With Augusta, all good angels seemed to have flown from Fallowfield. In his demoniac passion, he strove to blacken her character, to find himself met with laughter—his own life had been so chaste! Whilst, as if to refute him, when she took refuge with her mother, Jabez deemed it a point of honour to retreat. Accordingly he took up his temporary abode with Travis, in delicacy towards her, and as a check upon himself. No act, or thought, or word of his must give an evil tongue a chance to foul that spotless woman with its slime.

In the midst of all this, Aspinall’s embarrassments increased. Creditors pressed; writs showered in upon him; Barret foreclosed, and men were put in possession of the Grange. He flew to his old remedy, and it drove him mad. Lancaster Gaol for debtors loomed upon him. From his chamber window he beheld a sheriff’s officer approach with a warrant. His cavalry-pistols were in his dressing-room. A sharp report rang through the house. Laurence Aspinall, in the prime of life, delirious with drink, driven to desperation by his own profligate excess, set a blood-red seal on the deed of separation.


Ten years had passed from the partnership of Ashton, Chadwick, and Clegg—years in which money well employed had multiplied itself. Jabez was a rich man—a man of influence in the town; no longer the amateur artist, but the patron of art, as well Henry Liverseege and others could have told. As he had been one of the first promoters and directors of the Manchester Mechanics’ Institution, so was he now the supporter of the Royal Institution for the Advancement of Art; and seeing farther than Mr. Ashton, who, as a member of the New Quay Navigation Company, had opposed the Act for a railway between Manchester and Liverpool, he threw his energy into the project, and helped to carry it out, his cousin Travis working with him.

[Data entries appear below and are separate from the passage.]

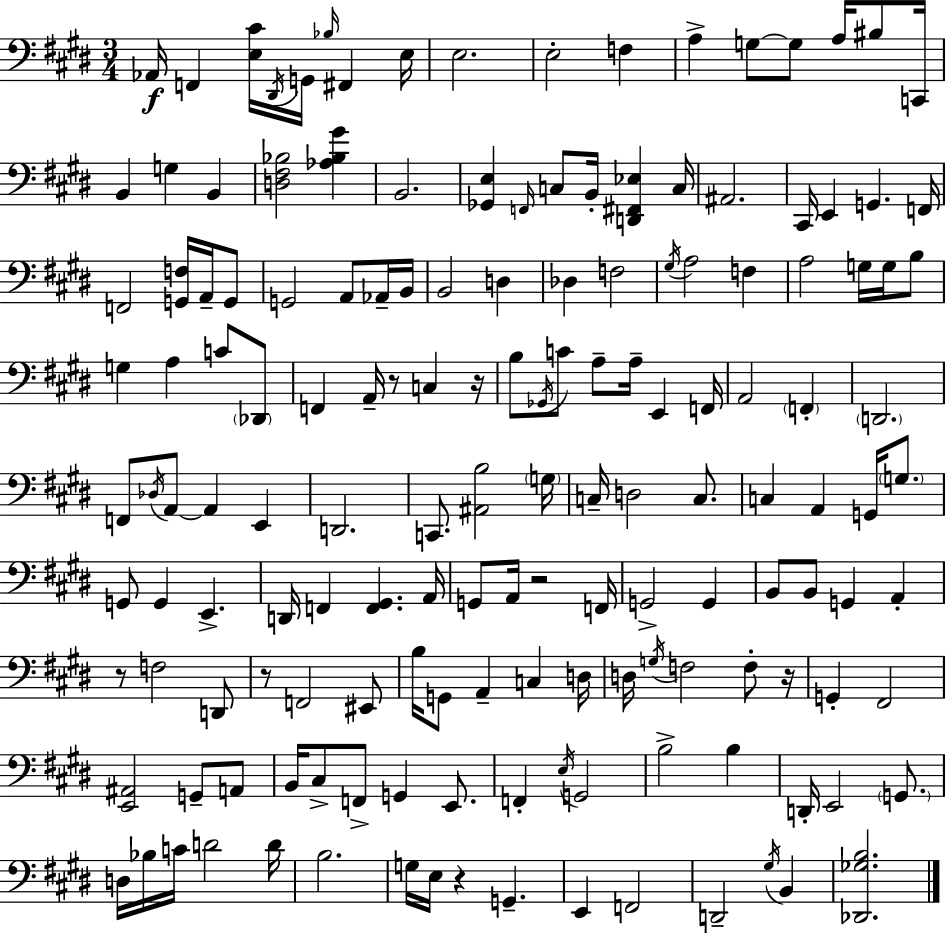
Ab2/s F2/q [E3,C#4]/s D#2/s G2/s Bb3/s F#2/q E3/s E3/h. E3/h F3/q A3/q G3/e G3/e A3/s BIS3/e C2/s B2/q G3/q B2/q [D3,F#3,Bb3]/h [Ab3,Bb3,G#4]/q B2/h. [Gb2,E3]/q F2/s C3/e B2/s [D2,F#2,Eb3]/q C3/s A#2/h. C#2/s E2/q G2/q. F2/s F2/h [G2,F3]/s A2/s G2/e G2/h A2/e Ab2/s B2/s B2/h D3/q Db3/q F3/h G#3/s A3/h F3/q A3/h G3/s G3/s B3/e G3/q A3/q C4/e Db2/e F2/q A2/s R/e C3/q R/s B3/e Gb2/s C4/e A3/e A3/s E2/q F2/s A2/h F2/q D2/h. F2/e Db3/s A2/e A2/q E2/q D2/h. C2/e. [A#2,B3]/h G3/s C3/s D3/h C3/e. C3/q A2/q G2/s G3/e. G2/e G2/q E2/q. D2/s F2/q [F2,G#2]/q. A2/s G2/e A2/s R/h F2/s G2/h G2/q B2/e B2/e G2/q A2/q R/e F3/h D2/e R/e F2/h EIS2/e B3/s G2/e A2/q C3/q D3/s D3/s G3/s F3/h F3/e R/s G2/q F#2/h [E2,A#2]/h G2/e A2/e B2/s C#3/e F2/e G2/q E2/e. F2/q E3/s G2/h B3/h B3/q D2/s E2/h G2/e. D3/s Bb3/s C4/s D4/h D4/s B3/h. G3/s E3/s R/q G2/q. E2/q F2/h D2/h G#3/s B2/q [Db2,Gb3,B3]/h.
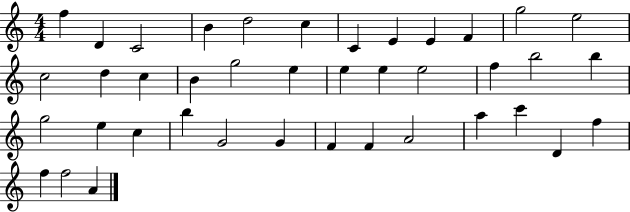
{
  \clef treble
  \numericTimeSignature
  \time 4/4
  \key c \major
  f''4 d'4 c'2 | b'4 d''2 c''4 | c'4 e'4 e'4 f'4 | g''2 e''2 | \break c''2 d''4 c''4 | b'4 g''2 e''4 | e''4 e''4 e''2 | f''4 b''2 b''4 | \break g''2 e''4 c''4 | b''4 g'2 g'4 | f'4 f'4 a'2 | a''4 c'''4 d'4 f''4 | \break f''4 f''2 a'4 | \bar "|."
}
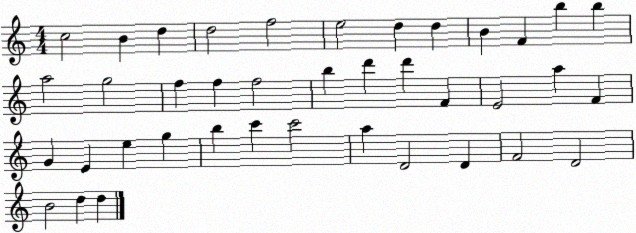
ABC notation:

X:1
T:Untitled
M:4/4
L:1/4
K:C
c2 B d d2 f2 e2 d d B F b b a2 g2 f f f2 b d' d' F E2 a F G E e g b c' c'2 a D2 D F2 D2 B2 d d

His widowerhood had cast a gloom over him for a time, but he left himself small leisure for morbid reflection, and that was cheered by the prattle of his little Nelly. Then came the crash at Fallowfield, and when darkness set upon Aspinall and his deeds, light broke upon the path of Jabez Clegg—at first a mere ray, but he worked the more cheerfully in its light. It was not hope for himself; it was merely a joyful consciousness that there was hope and calm in the sky over the head of their fluttering and wounded dove, and that Augusta could now rest in peace with her mother in the house at Ardwick, with no dread of a brutal husband bursting on them unawares.

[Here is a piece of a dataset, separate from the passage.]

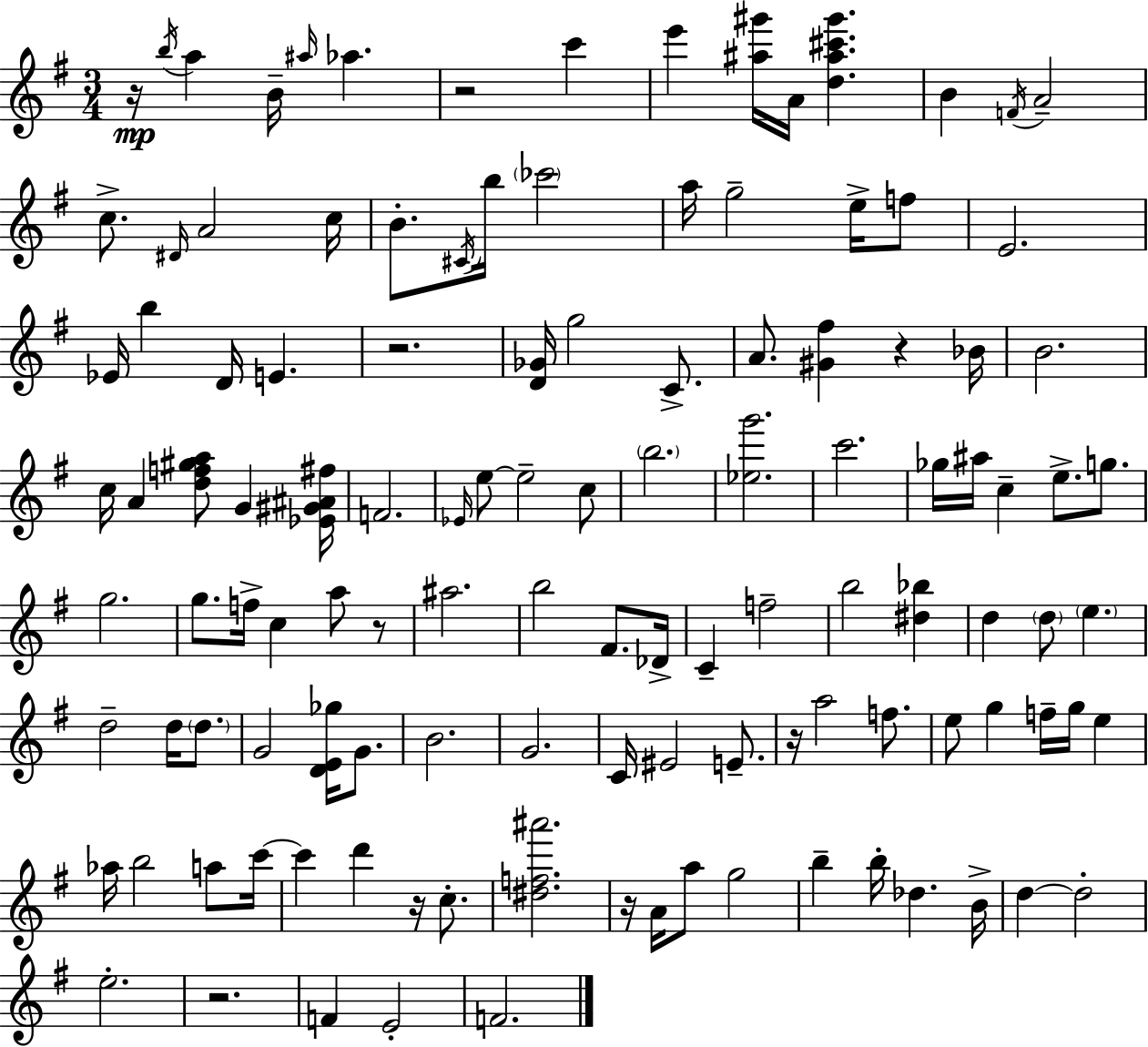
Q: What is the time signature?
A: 3/4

He came and went as friend and executor, but it was long before it flashed across his comprehension that the fearful ordeal through which Augusta had passed but brought his old master’s daughter closer to him; or that the prayer old Simon had taught was being answered to the full. That which was “above rubies” had blessed his life and kept his human heart warm whilst his “coast had enlarged;” he had been kept from the evil of a wilful and capricious wife; and at last when he had resigned all prospect of setting the purified pearl as a star on his own breast, it dropped into his hand, unsought, unsolicited.